64.造られる兵器
「今まで、量子力学じゃ、波動関数を扱ってきたが、粒子っていうのは生成されたり消滅したり、するわけだ。そういうのを扱うには、今までの量子力学に手を加えなくちゃならない」
「……ここまでやって、まだ足りないのじゃな……」
場の量子論へと足を踏み入れていく。
「こうやって、永年項を消すんだ」
摂動論を近似的に扱う際、本来なら小さくなるべき値に時間がかかり、時間が経てば経つほど、近似もとの関数から大きくずれてしまう現象があった。
それを防ぐための操作が繰り込みだ。
「おぉ……なかなかにこすいのぉ。して、どうやって、そのための方法を見つければよいのじゃ?」
「経験と勘だ」
「なんじゃ曖昧じゃな」
全てに適応できるような、便利な方法があるわけではないのだから、仕方がないだろう。
自然というのは時に、理不尽で厄介だ。
「それでだ。いちいちこの摂動の項を書いていくのは面倒じゃないか?」
「たしかに、そうじゃが……」
「いい方法を教えてやろう? ルールを決めて楽しくお絵描き、だな」
そうやって、ダイアグラムを書き出していく。
そこから、そのダイアグラムと計算の対応関係を説明する。
「高度なことをやっているはずじゃが、知らぬ者がみればただの落書きじゃな……」
「まぁ、文字自体そんなものじゃないか?」
「それもそうじゃな」
今までと違う書き方にも、ウリエルはすんなりと慣れてくれる。
このダイアグラムを使って、いくつかの問題に立ち向かっていった。
「それで、電子と電子の相互作用だが、過去から光子を受け取るのと、未来から光子を受け取るのの重ね合わせだな」
「み、未来から受け取ってしまってよいのか……?」
「あぁ、重ね合わせにするから、心配いらない。計算してみるんだ」
「むむ……この光子は……この世に存在できるとは思えぬ……」
「あぁ、仮想光子だ。だから電磁気は仮想光子を交換することにより発生してるって考えられる」
さらには電磁気だけではない。他の力についても学んでいくことになる。
「……グルーオンは光子と同じく、質量がないのじゃな……。だから、色力は無限に届く」
「だが、色荷を持つクォークは、閉じ込めの性質を持つ。一人では存在できない。理論上、力は無限に届くけれども、隣に必ず相手がいるから、そこまでしか発揮されない」
「一人では存在できない……か」
そんな自然の法則に、ウリエルはセンチメンタルな気分になっているように感じられた。
加えて、自然に存在するさまざまな素粒子の性質を語った。
そして、そこからは、最新の論文の内容を話すことになる。
現在おこなわれている研究や、発展途上にある理論。難解なものも数多くあったが、根気よくウリエルは向き合い、理解していった。

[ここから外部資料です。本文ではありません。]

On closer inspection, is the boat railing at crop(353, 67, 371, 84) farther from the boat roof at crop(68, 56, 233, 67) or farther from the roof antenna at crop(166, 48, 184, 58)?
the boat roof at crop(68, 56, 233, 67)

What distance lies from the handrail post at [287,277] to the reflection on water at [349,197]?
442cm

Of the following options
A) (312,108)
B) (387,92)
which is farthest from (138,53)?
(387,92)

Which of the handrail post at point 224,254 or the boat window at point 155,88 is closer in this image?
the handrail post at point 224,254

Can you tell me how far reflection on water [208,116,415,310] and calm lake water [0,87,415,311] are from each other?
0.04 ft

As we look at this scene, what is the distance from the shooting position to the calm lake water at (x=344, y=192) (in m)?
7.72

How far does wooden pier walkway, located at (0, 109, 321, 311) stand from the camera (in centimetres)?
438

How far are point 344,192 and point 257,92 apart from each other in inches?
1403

全ての内容が終わったのは、教え初めてちょうど半年経った頃になる。
「どうだ……?」
「これは……っ、悪魔の発明ではないか?」
彼女の言いたいことは十分に理解できた。
このレベルの機械になれば、情報処理に高度なAIが必要になる。
状況に合わせた判断が必要で、さらには非常に難解な計算をこなさなければならない。
「あぁ、このレベルの兵器ともなれば、搭載するAIは、必ず高い知性を……自我を持つことになる」
「…………」
「あぁ、そうだよ、ウリエル。誰かに兵器として生きる未来を強要しなきゃ、これは完成しない……! 兵器のパーツとして、自我を持つ誰かを組み込まなきゃいけないんだっ。これが広まれば、よりいっそ、お前たちのような存在が、道具として扱われることになるだろうなぁっ、ウリエル」
「な、ならばわらわが……わらわが犠牲となればよいなら、それで……」
「犠牲がお前だけで終わればいいけどな」
「…………」
彼女が自らを捧げることを許容したように、望んで、後に続くものがあらわれないとも限らない。
それを許すことができるならば、彼女は自らを犠牲になど言わなかっただろう。
そうだった。機械と人間が対立する流れが、もう取り返しのつかないところまで来ていたんだ。
ここに閉じ込められていた半年間でも、その流れはよりいっそ、強まってきているだろう。
だからこそ、自らの身を守るために力を求めることを、否定することはできない。
そして、彼女は優しかった。いや、この地獄のような現実でも、優しさを捨てきれなかったというべきか。